2 de maio de 2011

His Girl Friday (1940)
Howard Hawks

His Girl Friday é filme de génio, se não for a melhor screwball comedy jamais feita anda lá muito perto. É que não é só os diálogos ou o desencadear das peripécias e o seu ritmo frenético, é o espaço ou o seu sentido de espaço que enche o ecrã, a forma como Hawks filma aquilo tudo, quase sempre naquelas paredes (ou noutras) ali dentro numa claustrofobia frenética com o entrar sair entrar sair de pessoas e abrir fechar abrir fechar portas, os planos e os enquadramentos, é tudo a fugir dos facilitismos das comédias românticas (a história do criminoso e como isso preenche um espaço no enredo que outro cineastazeco teria aproveitado para explorar a lamechice do costume nestas comédias românticas). Aliás, Hawks foge a isso tanto quanto pode, ao romantismo, busca incessantemente a comédia e a sátira ao jornalismo e no meio disto ainda dispara contra a política. Genial.

5 comentários:

Jorge disse...

Genial mesmo! Uma excelente comédia, daquelas que infelizmente já não se fazem. E é isso tudo que dizes, e bem, Hawks consegue nos prender a atenção do início ao fim com uma avassaladora capacidade de entretenimento e ainda nos pôr a reflectir sobre o valor, a integridade e profissionalismo inerente a qualquer actividade, no caso o jornalismo (propício a extremos). De génio.

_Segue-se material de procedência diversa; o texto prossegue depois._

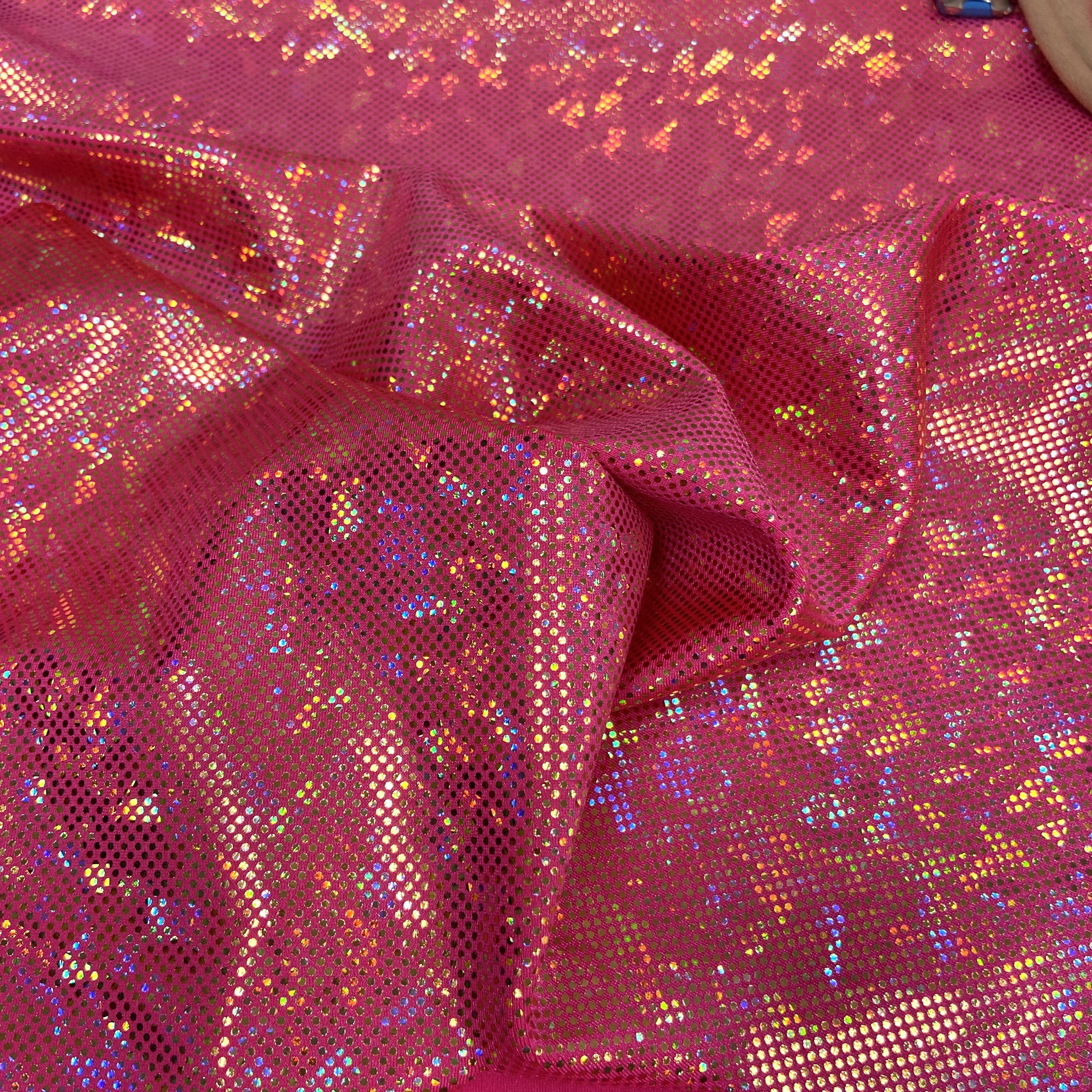 Gold shattered hologram on hot pink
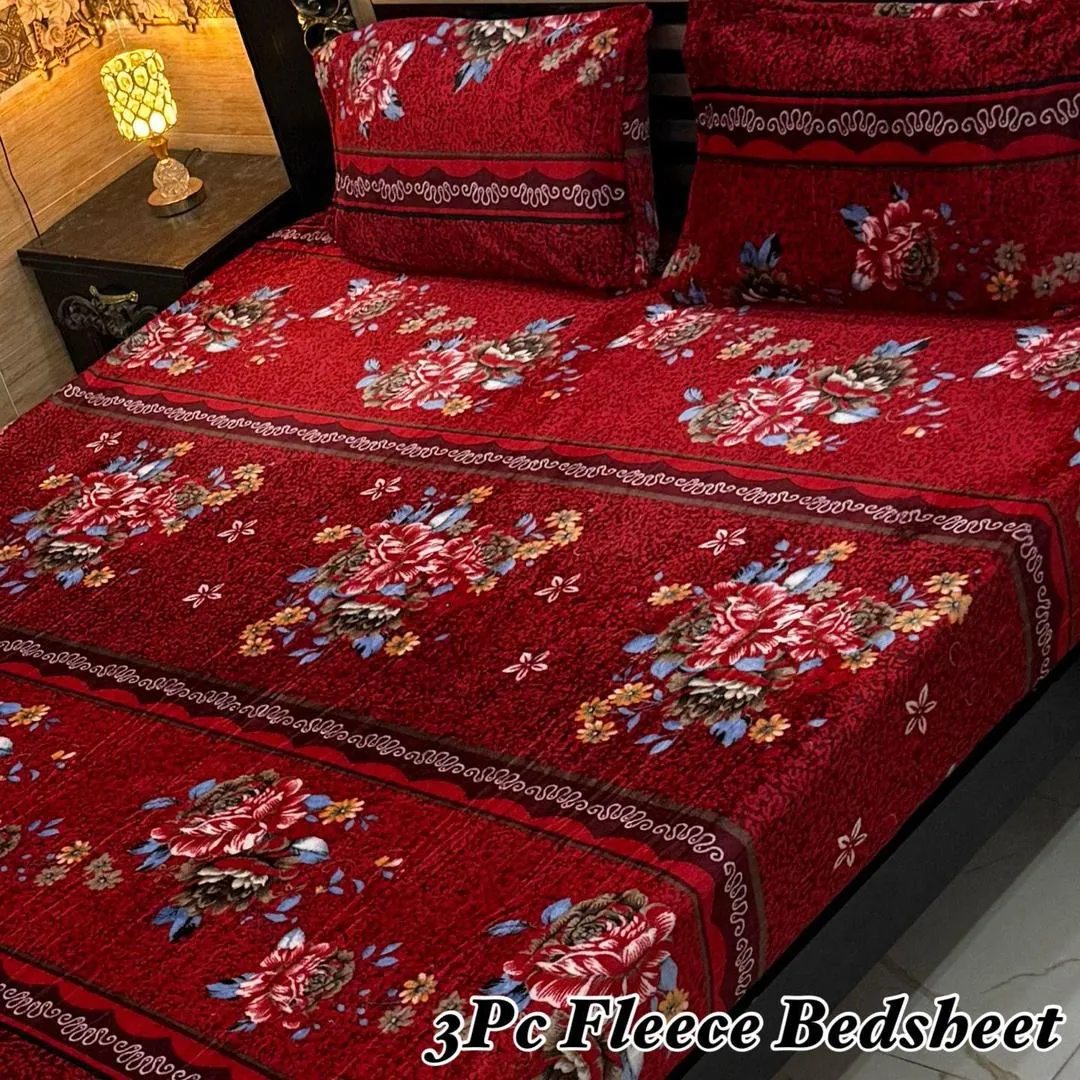 Luxurious 3 Pcs Fleece Printed Double Bedsheet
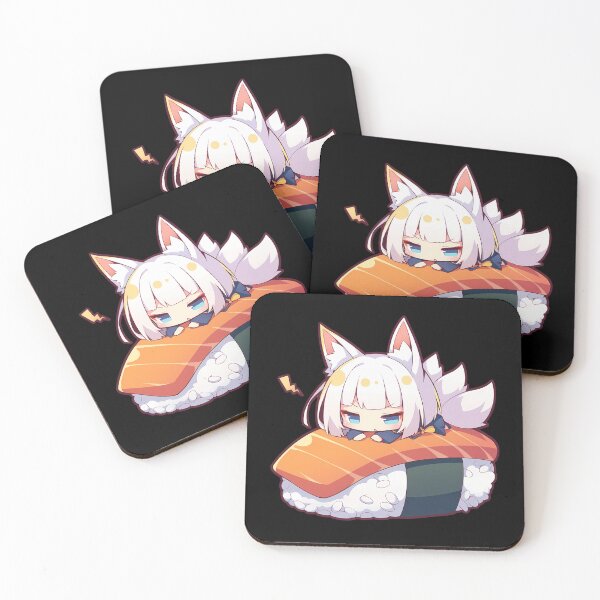 Item preview, Kaga Azur Lane Chibi Sushi Kawaii Anime Girl Fox Cute Roll designed and sold by CarlosBender.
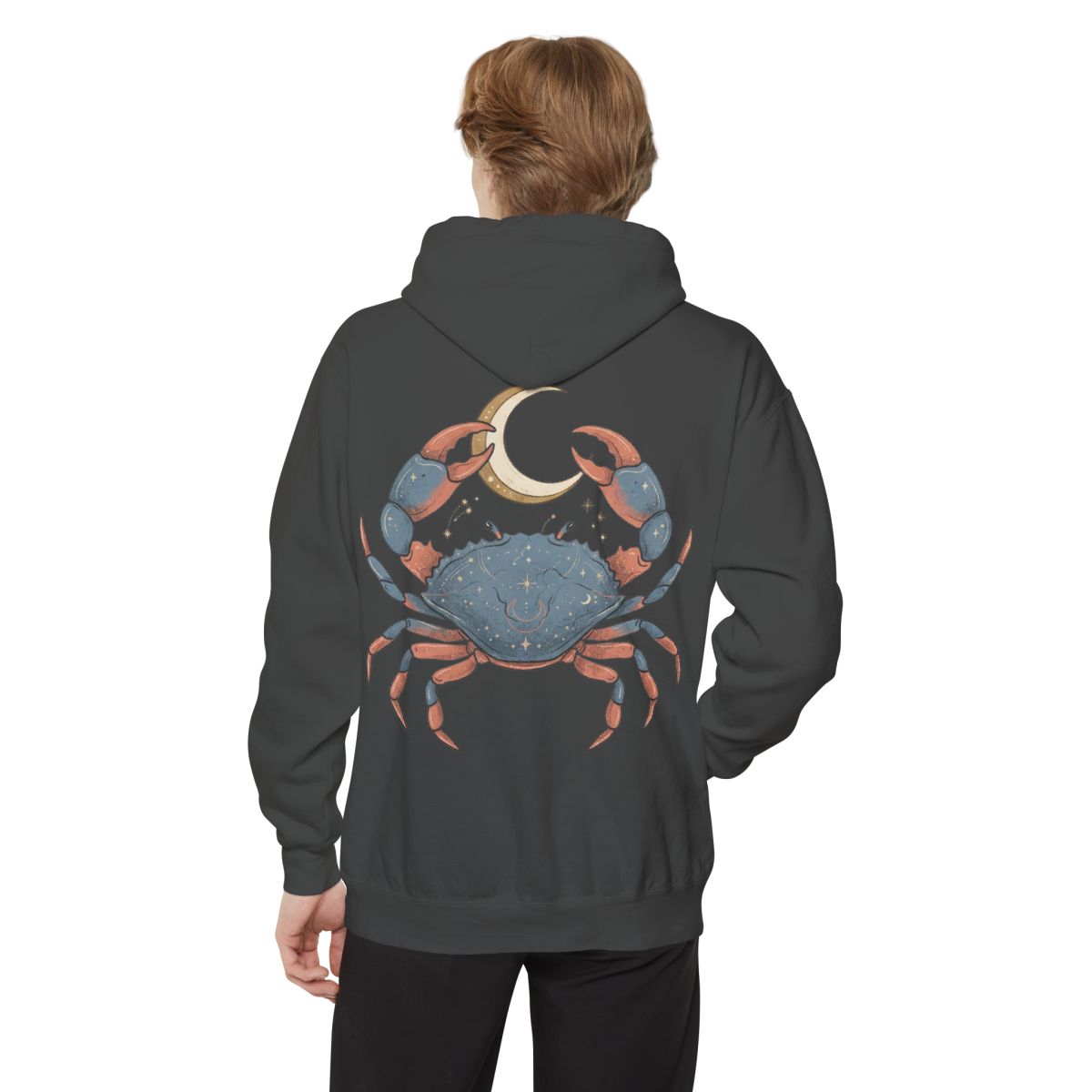 Color: Pepper | Cancer The Moon Child Crab Garment-Dyed Hoodie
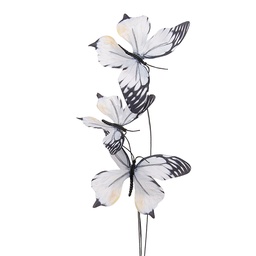 [50875] Decorazione Ramo con farfalle Bianco Nero 10x10x65 cm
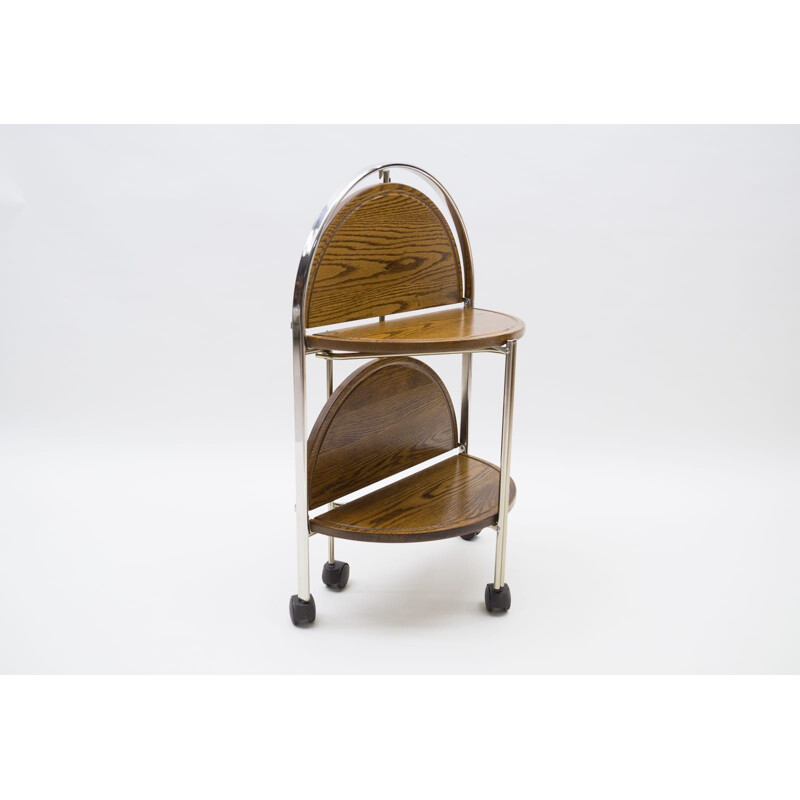 Vintage folding oak serving cart, 1960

Assim de repente lembro-me de outro clássico parecido, o Arsenic and Old Lace do Capra, que também é capaz de possuir tamanhas qualidades, ou ainda o fantástico Some Like It Hot do Wilder . E é por estas que constato cada vez mais - não há comédias puras como antigamente, e aqui sou mesmo saudosista :)

abraço

João Palhares disse...

Daqueles filmes que se começo a ver não consigo parar, tem de ir até ao fim. É de uma dinámica (diálogos, personagens, montagem) prodigiosa!

Fifeco (Filipe Ferraz Coutinho) disse...

Um dos meu favoritos do Hawks, um dos muitos geniais...

Rato disse...

Peca apenas por um excesso de diálogos, tipo "metralhadora", à semelhança do filme do Wilder "One Two Three", o que lhe retira um pouco a carga cinéfila que uma obra do cinema deve ter sempre presente.
Já os magníficos trabalhos do Capra e do Wilder, citados pelo Jorge, são filmes muito mais assíduos aqui por casa.
O Rato Cinéfilo

Neuroticon disse...

Grande grande filme! Genial mesmo!

É o meu preferido do Hawks, se bem que ainda vi poucos... :)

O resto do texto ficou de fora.